Highly doubtful.
"IDE" is a very generic term these days. What specific version/speed are you using? What hard disk are you using? What's your typical access pattern look like? What's your bottleneck?
A typical hard disk today might be a metal platter on SATA 2 (3 Gbps on the wire). The next SCSI version faster than this is Ultra640. I would say that SCSI drives tend to be rarer and more expensive and lower in capacity (so 10 TB would probably take a lot of drives!), but I don't think anybody makes a metal platter on Ultra640 at all.

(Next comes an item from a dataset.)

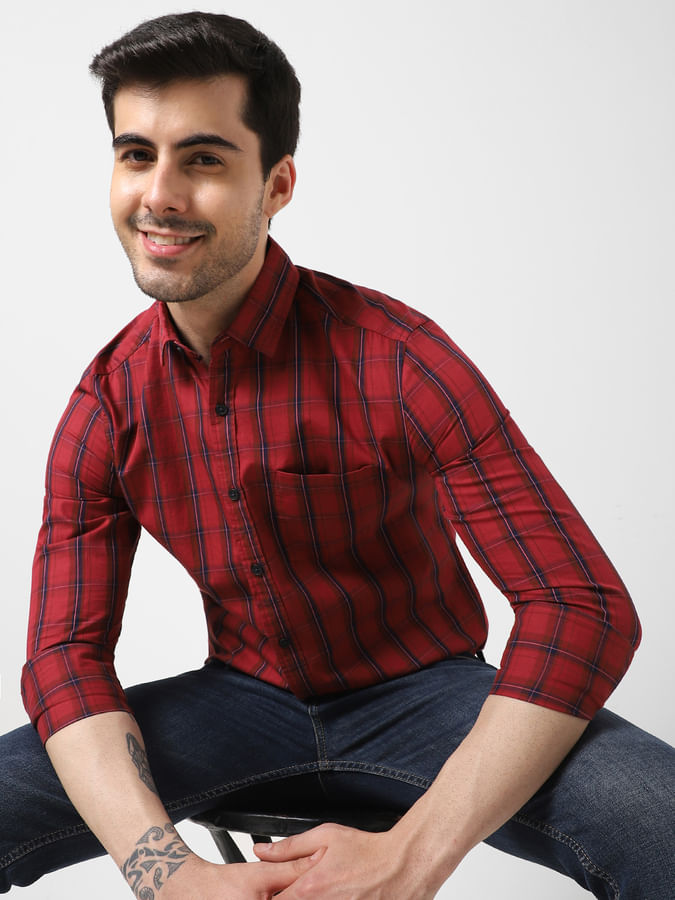 Berry Red Checked Shirt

A fast metal platter hard disk might be in the neighborhood of 0.5 Gbps for sequential reads, so even SATA 2 is many times faster than it. Seek time and latency could be a little bit lower for SCSI drives, but that depends entirely on the particular drive. If you're read-heavy, mirroring your existing drive could help with latency. If you're concerned about the hard disk's cache being faster than the interface wire speed, adding RAM would be a much easier and cheaper solution.

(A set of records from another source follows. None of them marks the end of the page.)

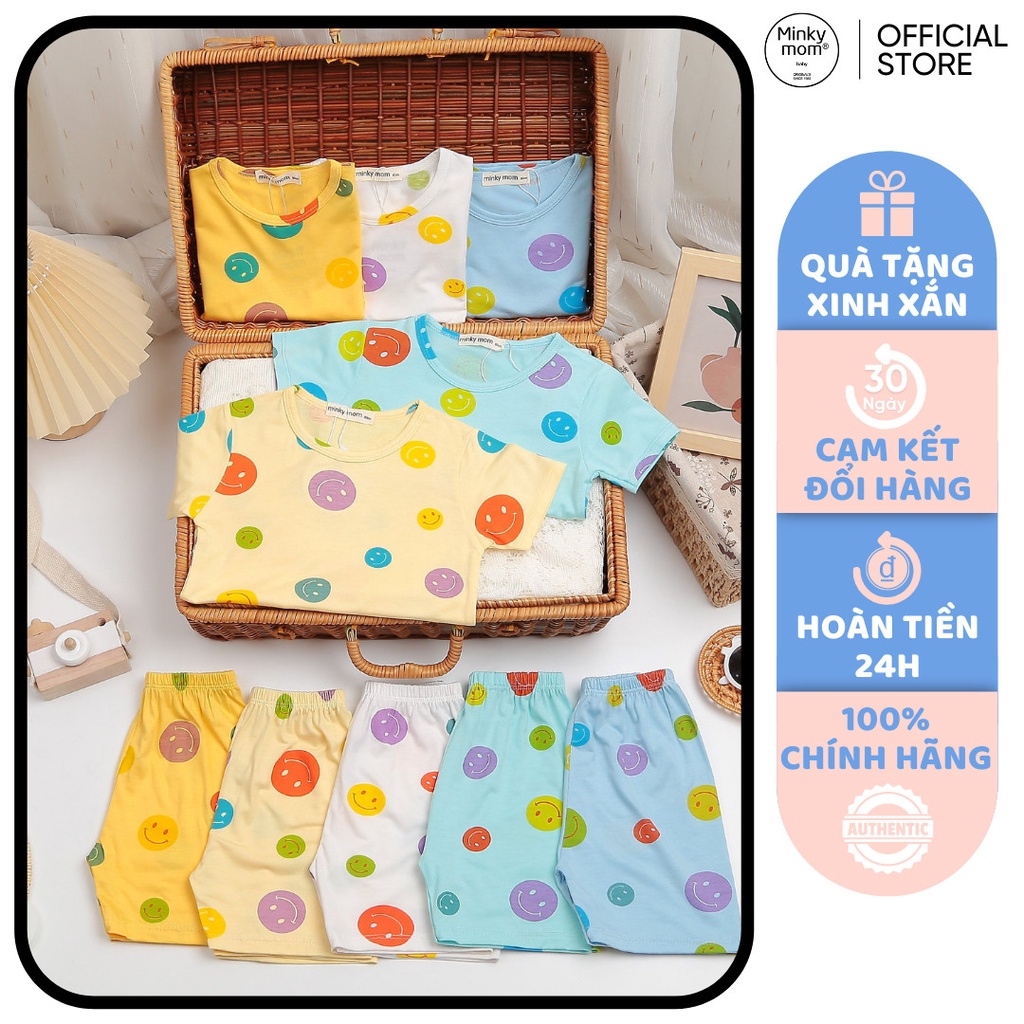 [SALE] Bộ Cộc Tay Cho Bé Trai, Bé Gái Minky Mom Vải Thun Lạnh Hoạ Tiết Mặt Cười, Đồ Bộ Cho Bé Mặc Nhà MKM2213
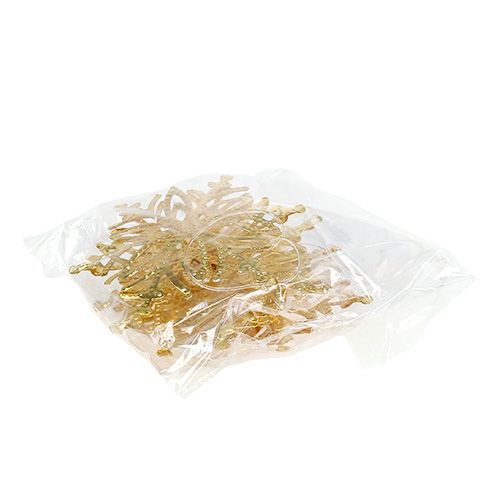 Floristik24 Flocon de neige en métal doré 10cm 4pcs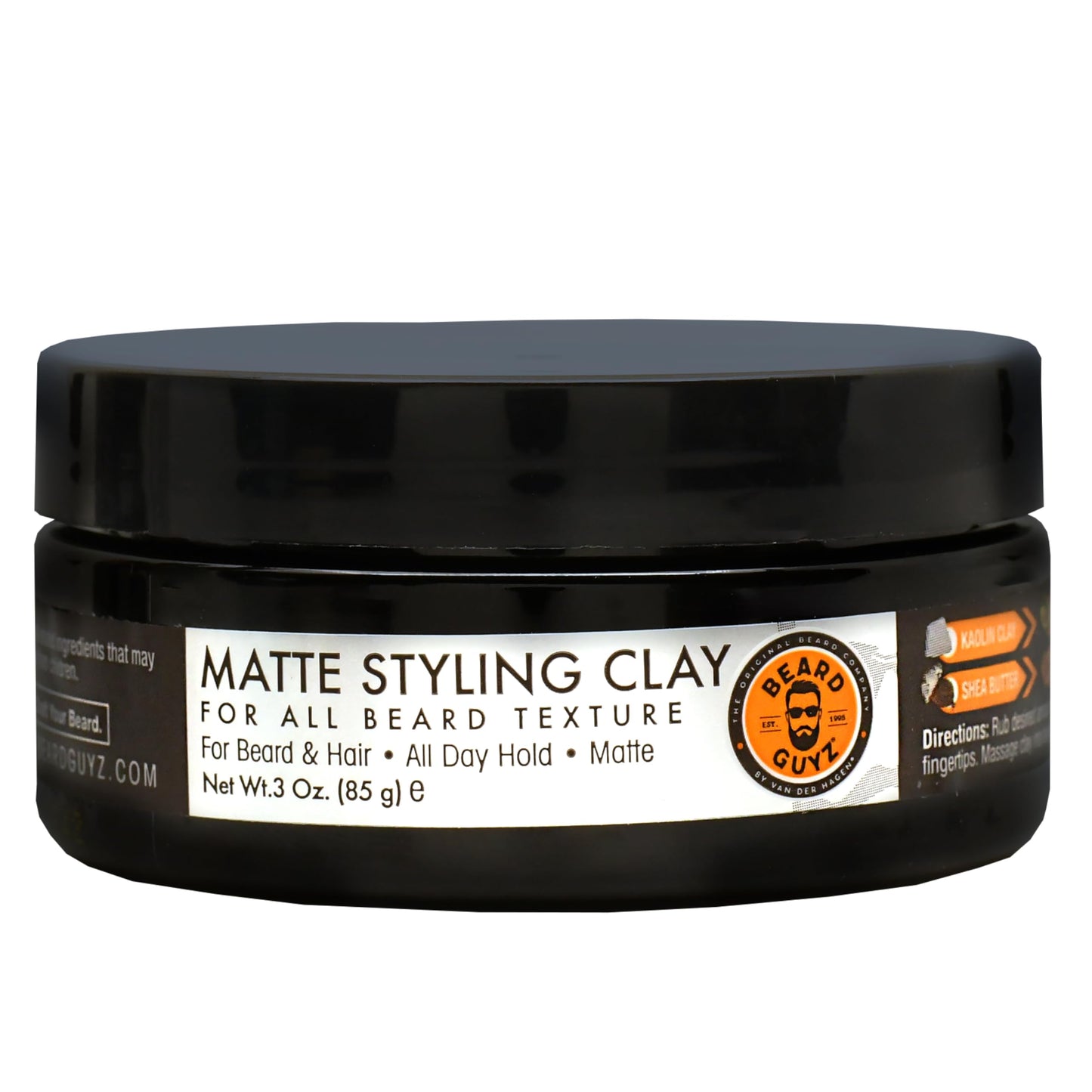 Jar of matte styling clay for beard and hair on a white background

Again, you've not told us what your bottleneck is, so we can only guess, but it would have to be a pretty specific set of circumstances for the hard disk's wire protocol to make any difference at all.
Most of the very fastest drives available today are SSDs, which nobody seems to make in SCSI any more, and certainly not at any wire speeds greater than SATA 2. The fastest storage devices are solid state but go straight through PCI-Express. And companies like Google seem pretty concerned with performance but don't bother with expensive parts like SCSI.